Bleu horizon

Samedi 29 Novembre 2003, N°1410

Ces deux mots pourraient évoquer la poésie. La folie des hommes a fait le symbole de l'horreur que fut la première guerre mondiale de 1914-1918, celle qu'on appelle encore la Grande Guerre. Nous n'évoquons ici que très rarement ce passé bouleversant. Cependant, la lecture des livres récents, comme celle des articles innombrables de la presse, démontre que la douloureuse histoire des "poilus", vêtus de l'uniforme bleu horizon, n'est pas une histoire du passé mais que la guerre 1914-1918 "fut la matrice vénéneuse de notre siècle". Et l'écrivain Philippe Claudel alerte l'opinion, il redoute "un bégaiement de l'Histoire qui prendrait, bien sur, une autre forme que la Grande Guerre mais qui serait aussi terrible et programmatique d'une nouvelle régression de l'humanité vers l'ombre". En effet le drame de 1914-1918, la "der des ders" comme le disaient les combattants, a ouvert les portes à la logique des idéologies criminogènes et des camps de concentration qui en découlèrent.

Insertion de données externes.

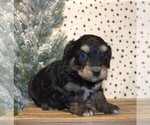 Small Photo #30 Aussiedoodle Miniature  Puppy For Sale in NEWBERRY, IN, USA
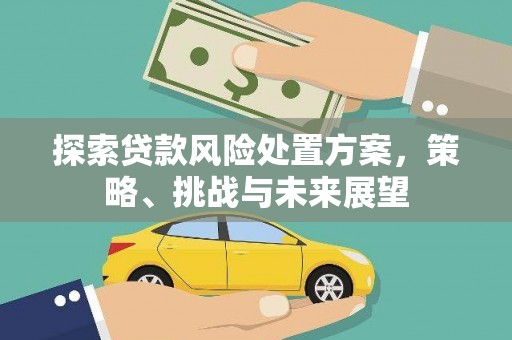 宁晋探索贷款风险处置方案，策略、挑战与未来展望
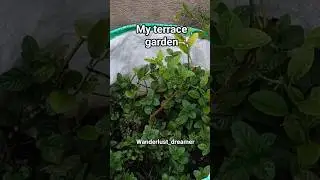 My terrace garden in monsoon #terracegarden #monsoonseason #rainingseason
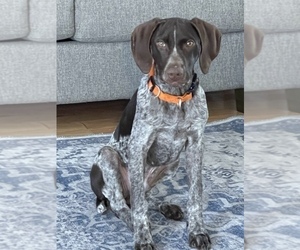 German Shorthaired Pointer Puppy for sale in LAGRANGE, GA, USA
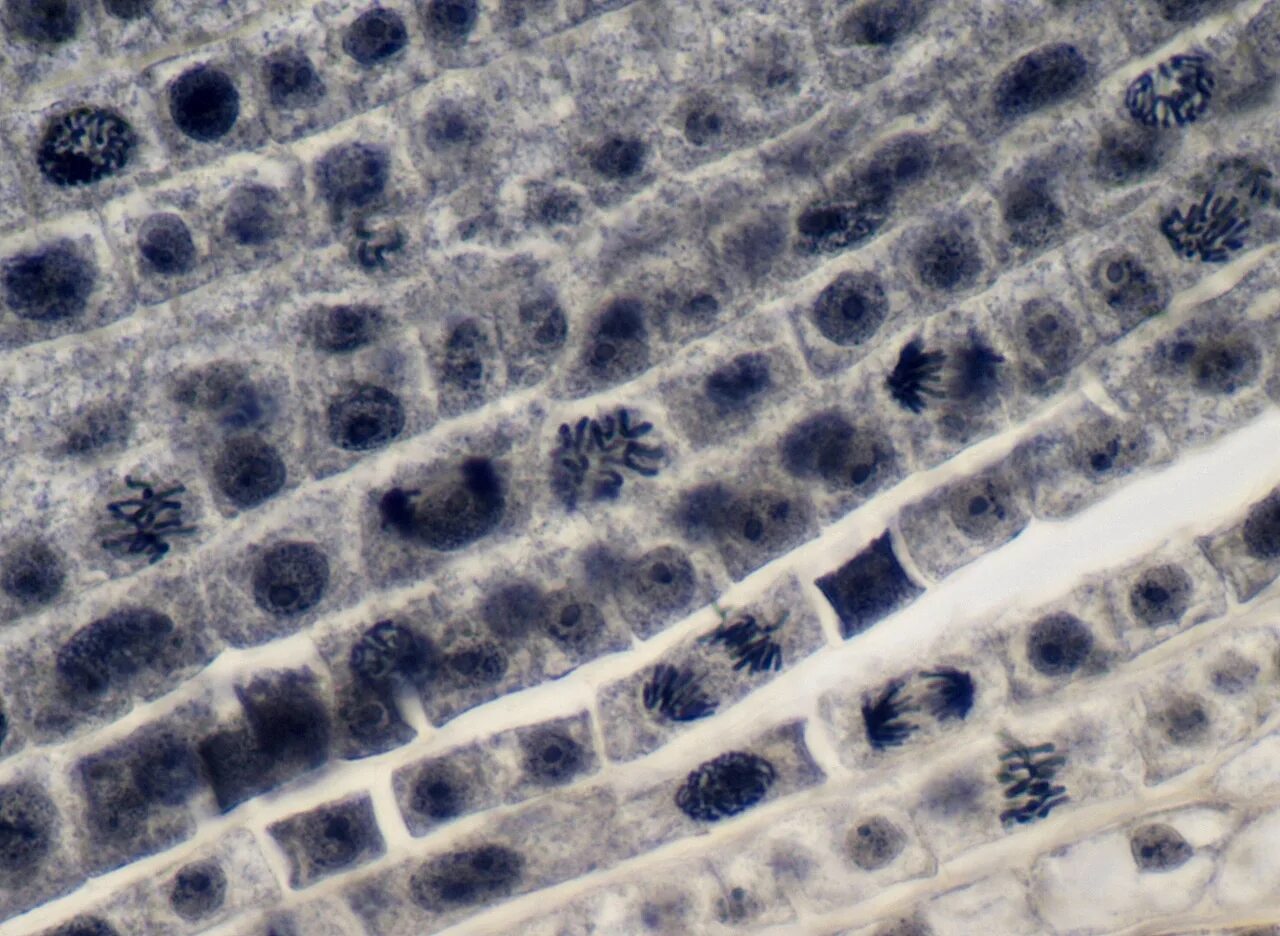 Меристематические ткани растений. Ткани и клетки растений меристема. Клетки меристемы под микроскопом. Митоз апикальная меристема.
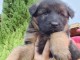 Adoption chiots berger allemand lof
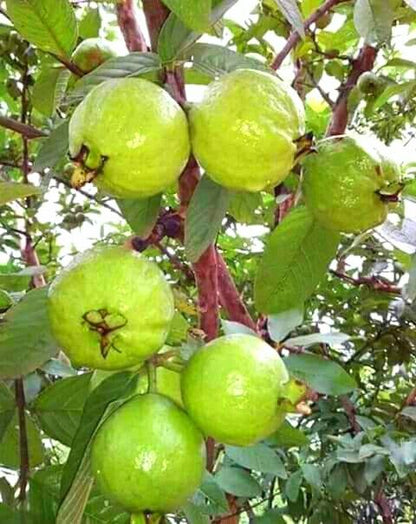 Kao Nam Pueng Guava Air Layered Healthy Fruit Plant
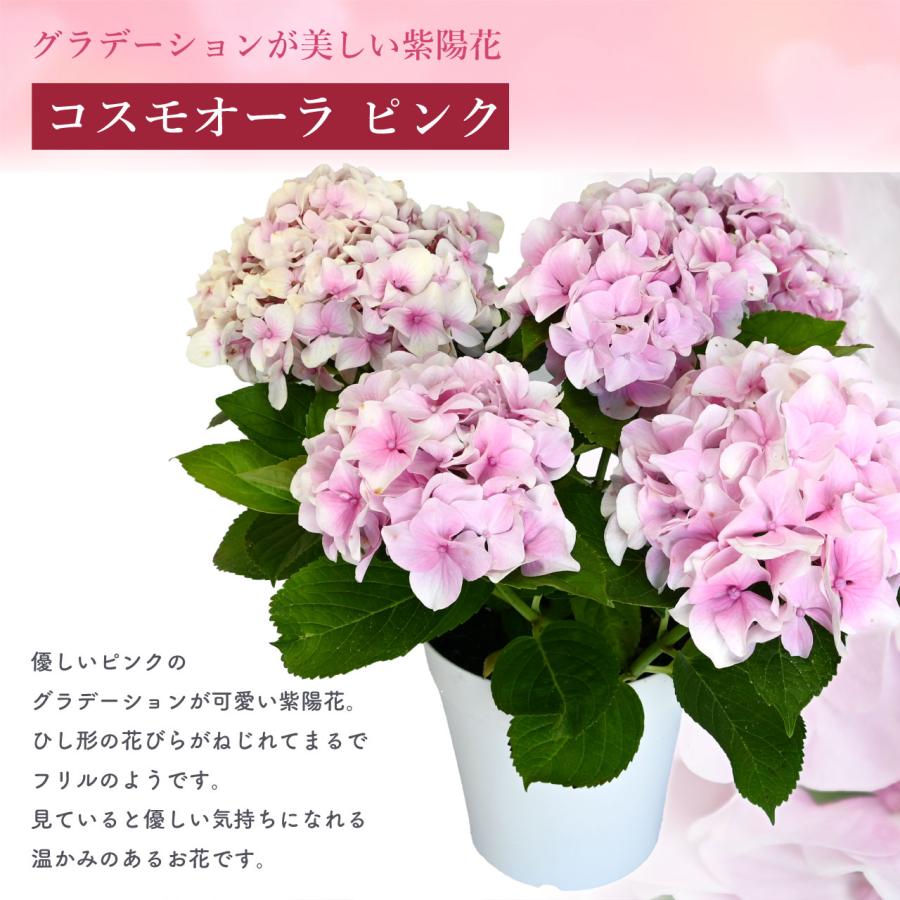 紫陽花ピンク系⭐️４種⭐️フロリア⭐️星の桜⭐️ひな祭り⭐️コスモオーラ⭐️ 紫陽花 コスモオーラ ピンク 5号鉢 鉢植え ギフト 母の日プレゼント用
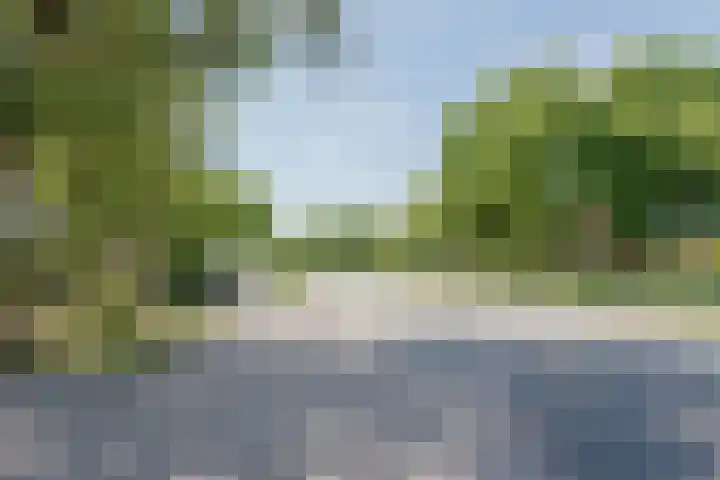 Lottumseweg 10 Melderslo thumbnail 49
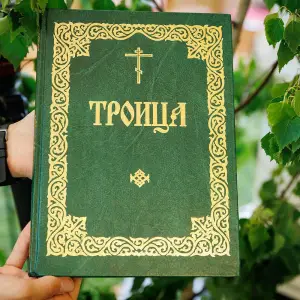 AGR_6293 копия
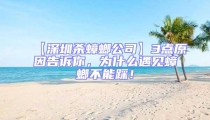 【深圳杀蟑螂公司】3点原因告诉你，为什么遇见蟑螂不能踩！
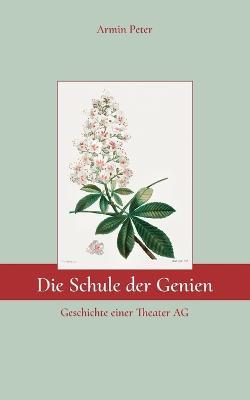 Die Schule der Genien: Geschichte einer Theater AG - Armin Peter - cover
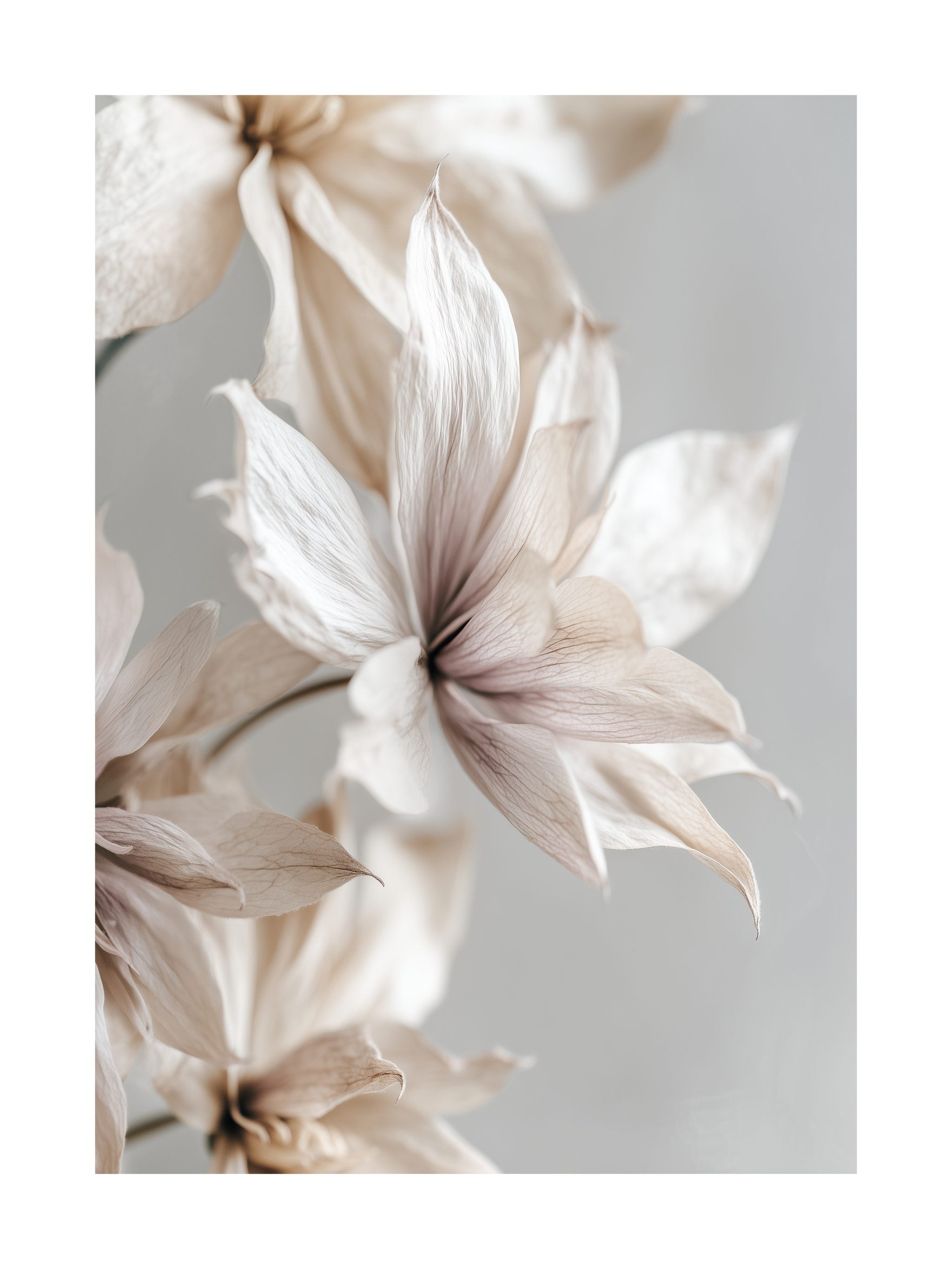 Soft Botanical Close-Up Poster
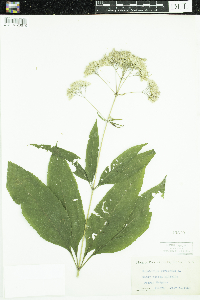 Eutrochium purpureum image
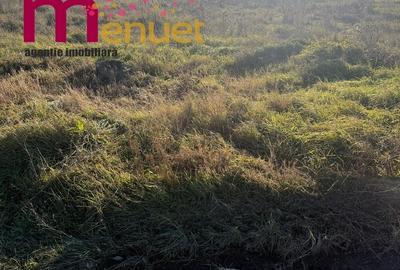 Teren agricol intravilan de 400 mp, în Est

Pour la première fois dans l'Histoire, 1914-1918 inaugure la tuerie à 1'échelle mondiale et de plus la guerre banalisée et industrialisée. Et le passage au troisième millénaire voit se développer une guerre nouvelle qui ne veut pas dire son nom: on ne déclare plus la guerre, on tue d'abord, et, le terrorisme mondial est un phénomène nouveau qui développe des racines plantées dès 1914. Aussi des intellectuels modernes ont-ils bien des raisons de redouter le futur. Mais nous vivons un temps où, sans rien abandonner des préoccupations politiques et sociologiques sur la nature des événements de l'Histoire, il est du devoir des générations d'aujourd'hui d'évoquer ceux qui ont souffert sous l'uniforme bleu horizon. Comme le disait à peu près Henri Barbusse dans son livre "Le Journal d'une Escouade", "Il faut haïr la guerre, mais avoir le plus grand respect pour ceux qui furent contraints de la faire".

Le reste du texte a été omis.